In Sydney, an initial trial was conducted in a 200-seat Yum Cha restaurant that operates 364 days of the year with a daily average of 275 customers. The restaurant had two water cooled wok stoves each with two burners and rear swivel spouts. For the purpose of the trial, one stove was replaced with a waterless unit complete with cut-off spout and tap timer.

Cooling water savings of 3,500L a day and cleaning water savings of 2,550L a day were recorded, giving a total cost saving of $A5,110 a year. With an installed replacement cost of $A5,000 for the waterless wok stove, payback was achieved in one year.

Robert Quinn of NPC says his company developed the first prototype waterless wok stoves and managed the initial trials for Sydney Water.

“About 70 waterless wok stoves have been installed, many of them under a program involving the Ethnic Communities Council of New south Wales and NPC. Another 160 installations are scheduled.

“Roll out of the program is being assisted by grants from the NSW Government’s Water Savings Fund. Participating restaurants can receive a grant of $A2,000 towards the cost of installing a waterless wok stove, or a grant of $A2,000 plus an interest-free loan of $A2,000 to be paid back after one year.

“This incentive scheme is helping to provide substantial water and cost savings, but the replacement of conventional wok stoves should be made mandatory. Our trials have shown that water-cooled wok stoves waste huge amounts of water, and waterless wok stoves are now readily available.

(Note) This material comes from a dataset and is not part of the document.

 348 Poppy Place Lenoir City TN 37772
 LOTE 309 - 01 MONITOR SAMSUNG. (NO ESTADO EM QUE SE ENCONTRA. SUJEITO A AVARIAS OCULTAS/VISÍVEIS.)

They also make good business sense – they can pay for themselves in 12 to 18 months.”

The benefits of waterless wok stoves have also been recognized in Melbourne, the capital city of the State of Victoria.

The City of Melbourne, in partnership with B&S and the Sustainable Melbourne Fund, has launched the Waterless Wok Stove Program, which offers up to 20 businesses the opportunity to recycle their current wok stove and upgrade to a waterless unit with competitive terms and no upfront costs.

Demonstration sessions have been conducted for prospective participants to highlight the benefits of converting to a waterless unit, including reducing water usage by up to 90%. The cost of the waterless wok stove varies depending on whether the new stove will need to be customized to meet kitchen requirements, and water savings will depend on how the current wok stove is used.

There are an estimated 300 conventional wok stoves in the City of Melbourne, using about 1.8ML of water a day.

“Data to compare water usage in the restaurants that install waterless wok stoves will be compiled to gauge the success of the program, and metal from the stoves that are being replaced will be recycled.”

Financial incentives for program participants include a rebate on the cost of the new unit from the State Government agency Sustainability Victoria and a loan for the remaining cost from the Sustainable Melbourne Fund, repayable in instalments over two years.

For many businesses, cost savings from reduced water use are expected to cover payments for the waterless wok stove.

Melbourne retail companies City West Water and South East Water will assist with evaluation once the program is running, with a view to the future broad promotion of waterless wok stoves.

Another water retailer in Melbourne is involved in trialling waterless wok stoves. Yarra Valley Water is working with selected restaurants in the city’s outer eastern suburbs with a view to building up case studies that will encourage more restaurants to adopt the new technology.

This Australian initiative is one that every city the world over would do well to investigate and implement.

While local authorities make many demands on the health conditions of restaurants, thought needs to be given to introducing such waterless stoves/woks as a requirement of setting up an Asian restaurant.

It’s a win-win for all parties in the process, as well as the environment.


----------



## hchaz (Feb 23, 2017)

The wall of water is to reduce oil/grease buildup. Without it, the heat would bake the oil onto the wall just like when you season a pan


----------